Présentation de Jacques SANTER, membre de la Convention sur l'avenir
de l'Europe, président de la Fondation Robert Schuman, ancien président
de la Commission européenne.
Monsieur le Président Santer, Chers amis,
après quelques mois d'intervalle nous reprenons nos réunions
cette année sur un sujet que nous pouvons considérer exceptionnel
pour son actualité et pour sa portée :
Les valeurs dans la future Constitution européenne.
Il s'agit de réfléchir sur les valeurs contenues dans le
projet du texte constitutionnel de l'Union européenne qui en, en
principe, sera adopté par les chefs d'Etat et de gouvernement en
décembre de cette année et qui aura une influence déterminante
sur la législation des 25 ou 30 pays qui feront partie de l'Union
européenne.
Nous avons voulu ajouter au titre de notre cycle de réflexions,
une question :
neutralité ou pluralisme ?
En effet, le problème se pose de comprendre en profondeur le concept
de laïcité de l'Etat.
C'est un concept qui tout appartenant déjà à la morale
naturelle, il a été explicité par Jésus-Christ
quand il nous a dit :
Donnez à César ce qui est à César et à
Dieu ce qui est à Dieu.
Ce concept désigne la coexistence de deux juridictions celle de
l'Etat et celle de la conscience qui est celle de la religion.
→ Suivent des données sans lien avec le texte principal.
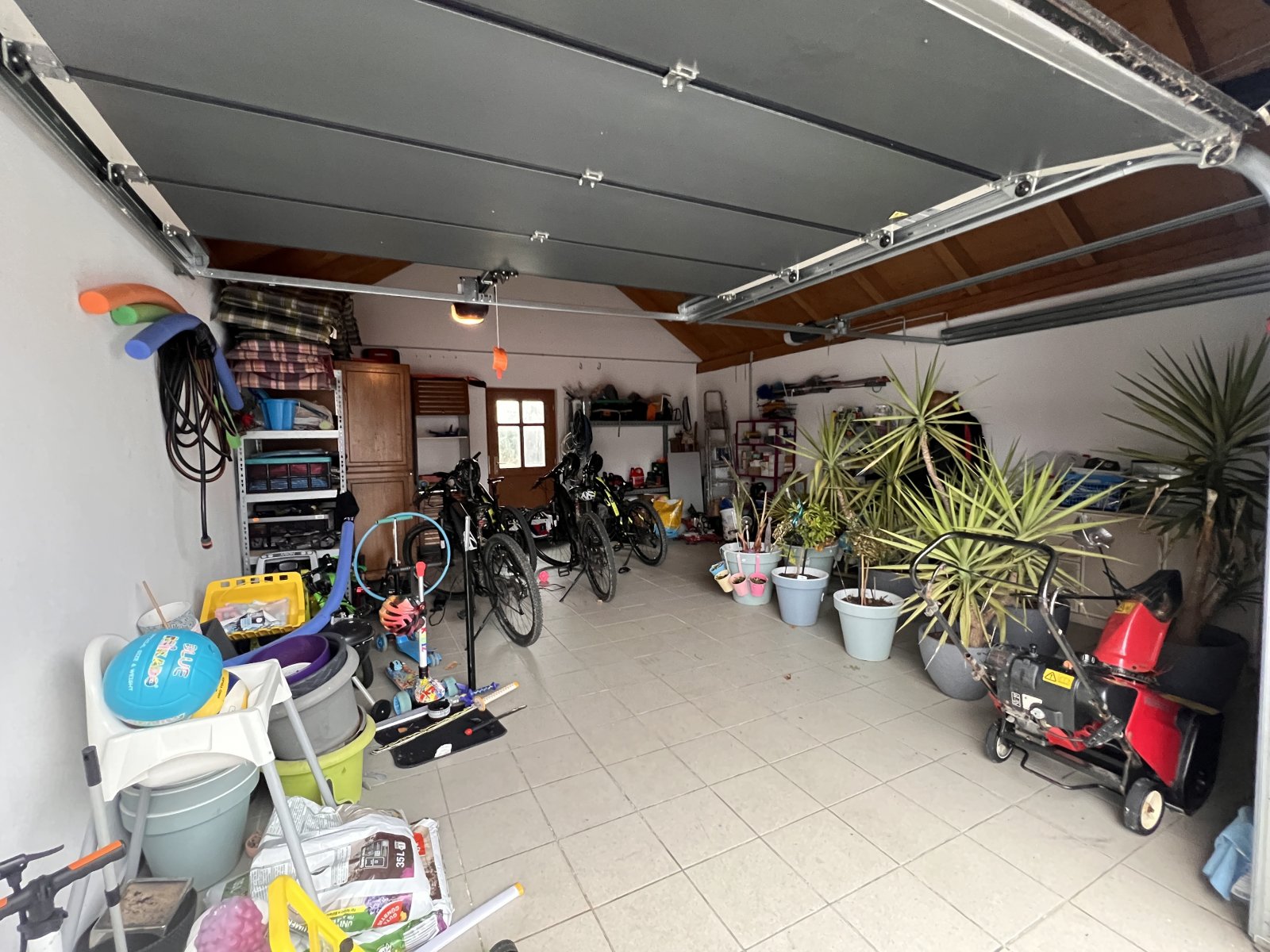 Vielseitiger Hobbyraum mit durchdachter Raumaufteilung und fest verbauten Stauraumlösungen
Deux juridictions
autonomes et respectueuses l'une de l'autre. Le respect réciproque
de ces deux juridictions évite aussi bien l'étatisme totalitaire
que le cléricalisme absolutiste.
Cette saine interprétation de la laïcité de l'Etat
est partagée par beaucoup d'entre nous : est celle qui est appelée
pluralisme, c'est à dire le respect de l'expression publique de
la conscience individuelle qu'elle soit religieuse ou agnostique.
Par contre, souvent, on interprète la laïcité de l'Etat
comme neutralité, c'est à dire un sécularisme agnostique
et athée totalisant qui bannit de la vie publique le nom de Dieu
et qui ne reconnaît pas l'existence d'une morale naturelle qui est
communes à tous les hommes de toutes les races et de toutes les
époques.
Pour réfléchir sur un thème aussi vaste et profond,
nous avons réuni deux groupes de personnes qui les années
passées ont porté indépendamment leurs réflexions
les uns sur les questions de bioéthique, le Groupe Nicomaque, et
l'autre sur des thèmes de Doctrine sociale de l'Eglise.
Bienvenue à tout le monde, aux participants réguliers de
ces deux groupes et à tous les amis que vous avez invités.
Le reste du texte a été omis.